Probability stranger in a group

Question

Given a group of n = 100 people made up of Italians and foreigners, two people are chosen at random. Knowing that the probability that only one of them is foreign is p ≈ 0.18, a possible composition of the group is identified (number of Italians nI and number of foreigners nS).

I wrote that $ \binom{100}{1} p_s ^{1} ( 1- p_s)^{99} \binom{99}{1} p_s^{0} {1-p_s }^{99} = 0.18 $ so i found that $ p_s = 0.053 $ where $ p_s $ is the probability that a person is stranger. I dint know if a made mistakes because I dint have the result

Answer 1

If I understand your problem correctly, you should just find ways to choose $2$ people out of $100$ such that one of them is foreigner (and the other is Italian).

Say there are $n$ foreigners. Then we have,

$\displaystyle \frac{{n \choose 1} {100-n \choose 1}}{100 \choose 2} = 0.18$

Leads to quadratic $n^2 - 100n + 891 = 0$. You can solve for possible values taking nearest positive integers.

Answer 2

Let $n_I$ be the number of Italians, and $n_S$ be the number of foreigners. We know that $$n_I + n_S = n = 100.$$

We are told that if we choose two (presumably different) people at random from the group, the probability that exactly one of the two is foreign is $p = 0.18$. We count the number of ways to choose two distinct people from the group such that one is foreign and one is Italian. There are $n_I$ ways to choose one person from the group of Italians; and $n_S$ ways to choose one person from the group of foreigners. Since these choices may be made independently without restriction, there are a total of $n_I n_S$ ways to select two people from the whole group so that exactly one is foreign.
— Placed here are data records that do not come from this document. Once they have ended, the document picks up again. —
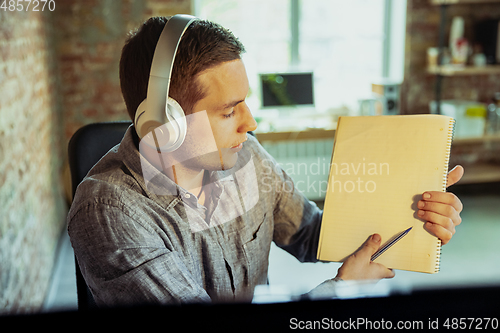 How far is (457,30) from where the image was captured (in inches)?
118

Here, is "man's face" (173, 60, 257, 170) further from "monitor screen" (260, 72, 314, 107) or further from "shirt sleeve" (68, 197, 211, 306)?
"monitor screen" (260, 72, 314, 107)

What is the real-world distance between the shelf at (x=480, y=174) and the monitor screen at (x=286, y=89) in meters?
1.30

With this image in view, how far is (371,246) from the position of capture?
0.60 meters

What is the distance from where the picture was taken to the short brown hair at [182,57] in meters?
0.62

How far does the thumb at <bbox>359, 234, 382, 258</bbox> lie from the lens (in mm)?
592

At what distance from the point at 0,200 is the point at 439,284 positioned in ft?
4.06

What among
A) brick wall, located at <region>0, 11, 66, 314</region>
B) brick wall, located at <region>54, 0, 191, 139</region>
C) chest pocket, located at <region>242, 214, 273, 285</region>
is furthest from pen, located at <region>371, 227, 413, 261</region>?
brick wall, located at <region>54, 0, 191, 139</region>

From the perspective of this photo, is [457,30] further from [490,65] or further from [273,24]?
[273,24]

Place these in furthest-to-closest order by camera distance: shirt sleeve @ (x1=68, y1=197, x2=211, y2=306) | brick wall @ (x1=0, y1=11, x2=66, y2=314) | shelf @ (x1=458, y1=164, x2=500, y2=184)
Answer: shelf @ (x1=458, y1=164, x2=500, y2=184), brick wall @ (x1=0, y1=11, x2=66, y2=314), shirt sleeve @ (x1=68, y1=197, x2=211, y2=306)

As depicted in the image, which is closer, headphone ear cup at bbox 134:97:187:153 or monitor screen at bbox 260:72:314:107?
headphone ear cup at bbox 134:97:187:153

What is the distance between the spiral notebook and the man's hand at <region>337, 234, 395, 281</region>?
0.01 m

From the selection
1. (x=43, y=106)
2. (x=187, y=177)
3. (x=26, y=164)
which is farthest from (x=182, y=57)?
(x=43, y=106)

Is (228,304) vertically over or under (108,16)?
under

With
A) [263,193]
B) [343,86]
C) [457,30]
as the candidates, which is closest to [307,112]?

But there are $$\binom{n}{2} = \frac{n(n-1)}{2}$$ ways to choose any two people from the group of $100$. So the given condition is equivalent to $$\frac{n_I n_S}{n(n-1)/2} = p = 0.18.$$ We now substitute $n = 100$ and $n_S = 100 - n_I$ to obtain $$n_I(100 - n_I) = 4950(0.18) = 891,$$ and solve the resulting quadratic for $n_I$: $$n_I = 50 \pm \sqrt{1609} \approx \{9.88766, 90.1123\}.$$ So rounding to the nearest integer gives us the solution set $$n_I \in \{10, 90\}.$$ Notice that both solutions are valid--it is impossible to determine with the information given whether the group comprises $90$ Italians and $10$ foreigners, or $10$ Italians and $90$ foreigners. This should be obvious because the roles of "Italians" and "foreigners" may be interchanged and the question would remain identical, since the outcome of one foreigner among two people selected is the same as saying there is one Italian among two people selected.

Since we rounded the result, this means that the precise value of $p$ is no longer $0.18$. If we use $n_I \in \{ 10, 90\}$, what is the resulting value of $p$?

Answer 3

Elena - in your “binomial speak”, we have two “experiments” and we are looking at probability of seeing one success i.e. one foreigner.

$\binom{2}{1} p_s (1-p_s) = 0.18$